If yes then this would require some kind of calculation to get proper splitting parameter(s) (according to your needs) and then using them in a Transformer stage to put rows into proper files.

ray.wurlod · Post by **ray.wurlod** » Wed Jan 03, 2007 2:58 am

If your incremental load contains creation dates from all years, then your approach (assuming it works for full load) should work OK for incremental load.

I'm dubious about comparing something called "...date" against a job parameter called "#YEAR#" - maybe I'm more finicky about meaningful names than you are.

If your incremental loads contain only dates from the current year, then five of your six job invocations will process zero rows. While not wrong, it seems inefficient to start them at all.

You may want to clone the job for incremental loads, and make the division of work a finer level of granularity - perhaps months, perhaps date ranges. Whatever you choose you would implement through job parameters just as you have with the #YEAR# parameter for the full load.

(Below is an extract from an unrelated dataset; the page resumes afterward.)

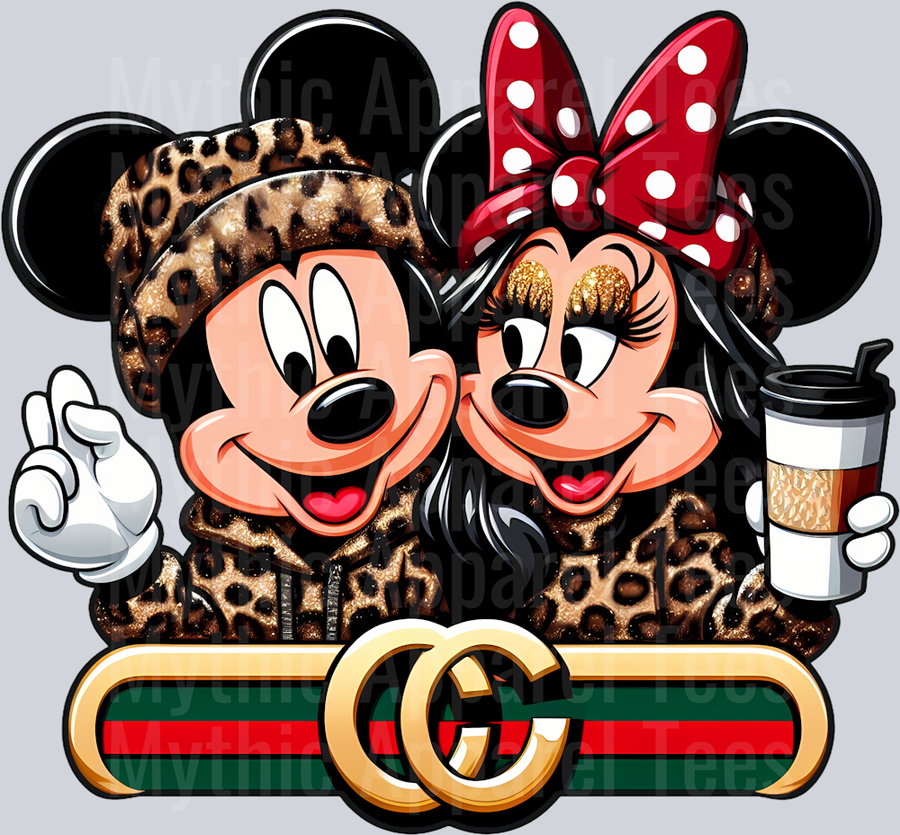 Minnie Mickey with classic logo GUCCI Leopard print jacket Disney DTF Gucci Disney Transfers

loveojha2 · Post by **loveojha2** » Wed Jan 03, 2007 3:02 am

What about
creation_date = #YEAR# and creation_date > #Last Run Date#

#Last Run Date# can be another parameter passed from the Sequence, and you need to maintain it for all the partitions. You need to write routine(s) to write/fetch the last run date for each instance/partition.

pradkumar · Post by **pradkumar** » Wed Jan 03, 2007 12:36 pm

Thanks for all your ideas.
I am actually using two date job parameters as LoadDate and LastLoadDate.
My where clause is like

Code: Select all

Creation_Date Between LastLoadDate and LoadDate

So now using Sequence and 6 job activities my where clause in the main job will be something like

Code: Select all

Extract year from Creation_Dtae and compare it to the Year from Job activity.

Code: Select all

JobActivity1:  LoadDate = 2006-12-31; LastlOadDate = 2006-01-01; Year ='2006'
JobActivity2:  LoadDate = 2005-12-31; LastlOadDate = 2005-01-01; Year ='2005'
JobActivity3:  LoadDate = 2004-12-31; LastlOadDate = 2004-01-01; Year ='2004'
 and so on until 2000

The above one will be for full load. By the way i am using the LoadDate column in the final table to record the date it is loaded. So the above one is going to create a mess with a loaddate. So I decided to use another column known as RunDate and update it to the date when it is loaded in data warehouse.

Any comments on my idea plz?

wnogalski · Post by **wnogalski** » Wed Jan 03, 2007 1:09 pm

Do You want to extract the data in parallel jobs ? IMHO it will be better to extract the data in one job, split it using Transformer and Constraints (f.e. link1 loadyear=2006, link2 loadyear=2005 etc.) and land the data into sequential files which will be transformed in parallel.
When all needed transformations, data cleansing activities etc. are done use Link Collector to put the data together into one sequential file and then insert it (or use bulk loader) into destination table in Your DW.

pradkumar · Post by **pradkumar** » Wed Jan 03, 2007 6:15 pm

I think running multiple instances will be better in terms of performance. So I am opting for it

wnogalski · Post by **wnogalski** » Thu Jan 04, 2007 12:49 am

It depends whats your source.